Apparently so Bj  I say UNCLE.. UNCLE!! 

Corey


----------



## George II (Nov 8, 2007)

Some days you ride the goat and some days the goat rides you..Hang in there tomorrow is a better day.

Regards,
George II
George Cole


----------



## harrysin (Jan 15, 2007)

Been there, done that Corey. Tomorrow WILL be better.


----------



## Mike (Nov 22, 2004)

Corey, I am guessing that only the joints went wrong? Square up the ends of your blanks and glue them up with a nicely contrasting wood into a size you can turn some ornaments or other goodies out of.
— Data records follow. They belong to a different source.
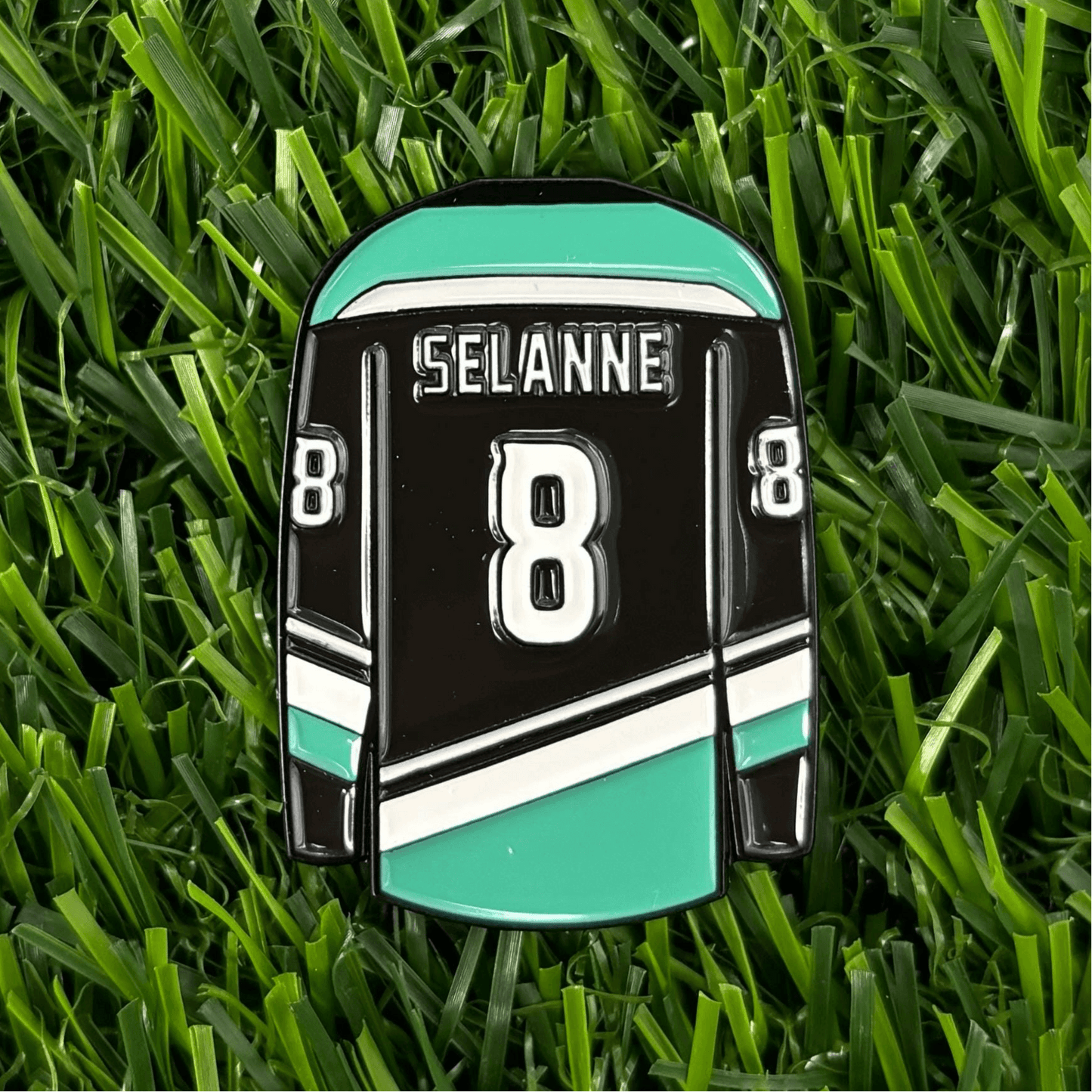 Teemu Selanne custom golf ball marker on grass, featuring jersey design with number 8, a unique and stylish golfing accessory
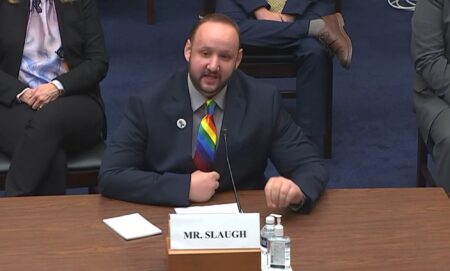 James Slaugh, wearing a rainbow tie and black blazer, speaks to a committe while several people sit behind him during a scheduled meeting.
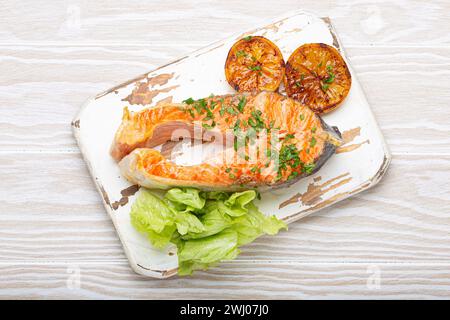 Poisson grillé saumon steak et salade verte avec citron servi sur planche à découper blanche fond en bois rustique vue de dessus, équilibré d Banque D'Images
It's only waste if you let it be.


----------



## challagan (Feb 7, 2006)

I saved most of it Mike... it will make the top panel and frame for a small box some day. 

Corey


----------



## Rolf Maxa (Feb 8, 2005)

Corey, my father used to say, if you make to many mistakes in the shop it general leads to an accident. So it's best to get out and do something else. 
I found that to be true in some cases. Tomorrow is another day.

Rolf


----------



## challagan (Feb 7, 2006)

Haha.... I have redeemed myself today 

Corey


----------



## bobj3 (Jan 17, 2006)

Hi Corey

Did you have a chat with JC and the boys ?  


===========


challagan said:


> Haha.... I have redeemed myself today
> 
> Corey


----------



## challagan (Feb 7, 2006)

A little talk with myself... involved some bad language  I posted some pics of the new box in it's current state 

Corey


----------